Content starts
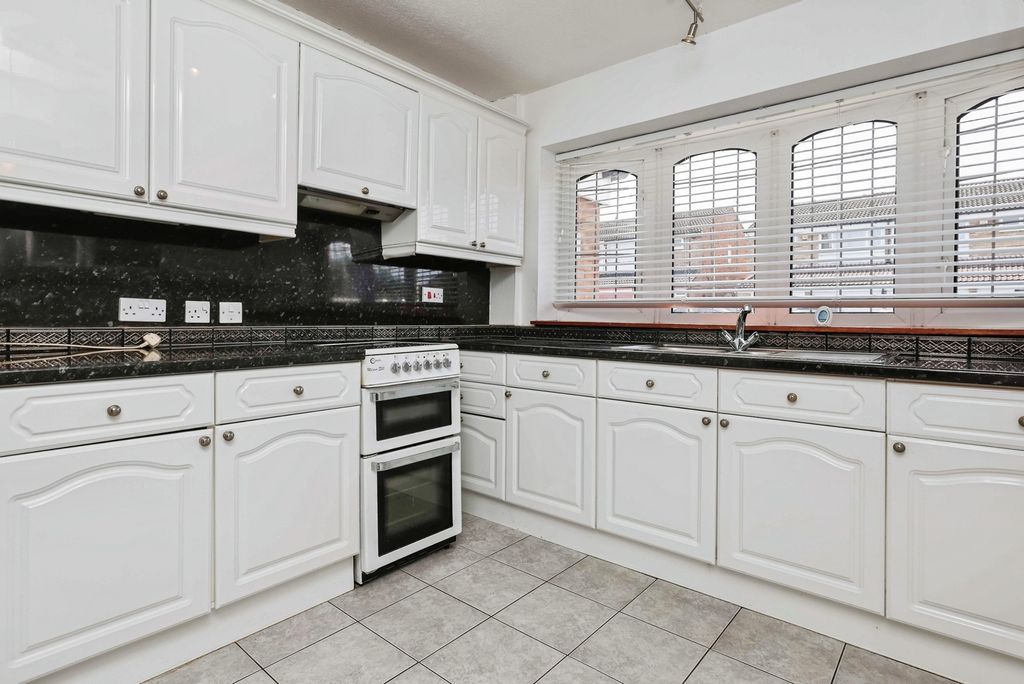 Property photo 2 of 17 Kitchen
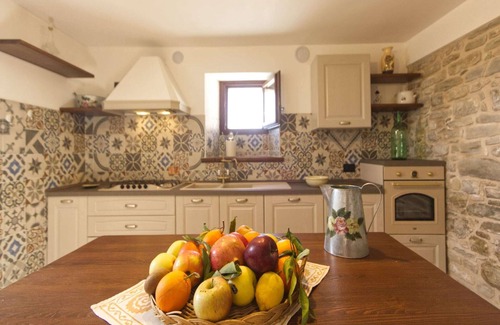 Carpegna Casa | Escapada con piscina y WiFi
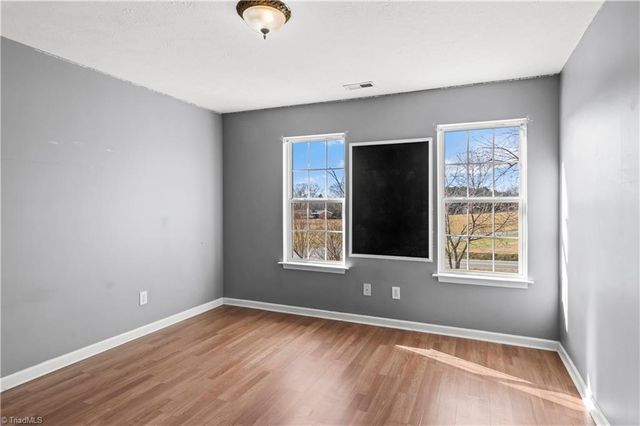 208 Mountain View Road, Statesville, NC 28625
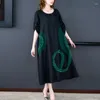 Casual Dresses Spring and Summer 2023 Kort ärm Löst stor silkeklänning O Neck Vintage Black Satin Decorative Panel Kne Length Dressrown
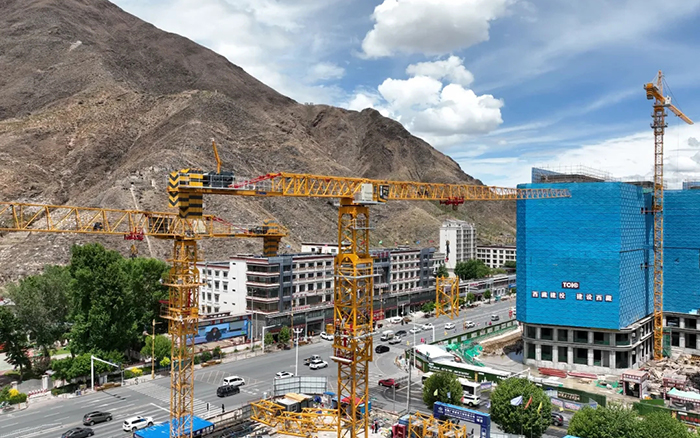 海拔4500米！ 徐工XGT600A-25S 奮戰(zhàn)“日光之城”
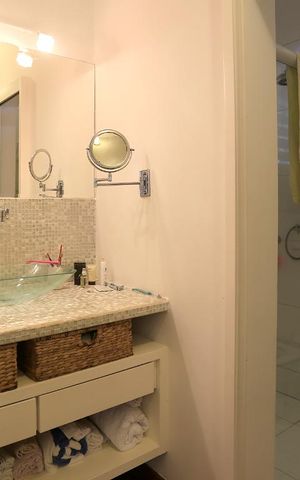 Casa à venda com 800m², 5 quartos e 3 vagasBanheiro da Suite Principal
Content ends
▸ **What the task requires**:
The entries are to be written out again exactly, without their pictures.

▸ **Answer to this problem**:
 Property photo 2 of 17 Kitchen
 Carpegna Casa | Escapada con piscina y WiFi
 208 Mountain View Road, Statesville, NC 28625
 Casual Dresses Spring and Summer 2023 Kort ärm Löst stor silkeklänning O Neck Vintage Black Satin Decorative Panel Kne Length Dressrown
 海拔4500米！ 徐工XGT600A-25S 奮戰(zhàn)“日光之城”
 Casa à venda com 800m², 5 quartos e 3 vagasBanheiro da Suite Principal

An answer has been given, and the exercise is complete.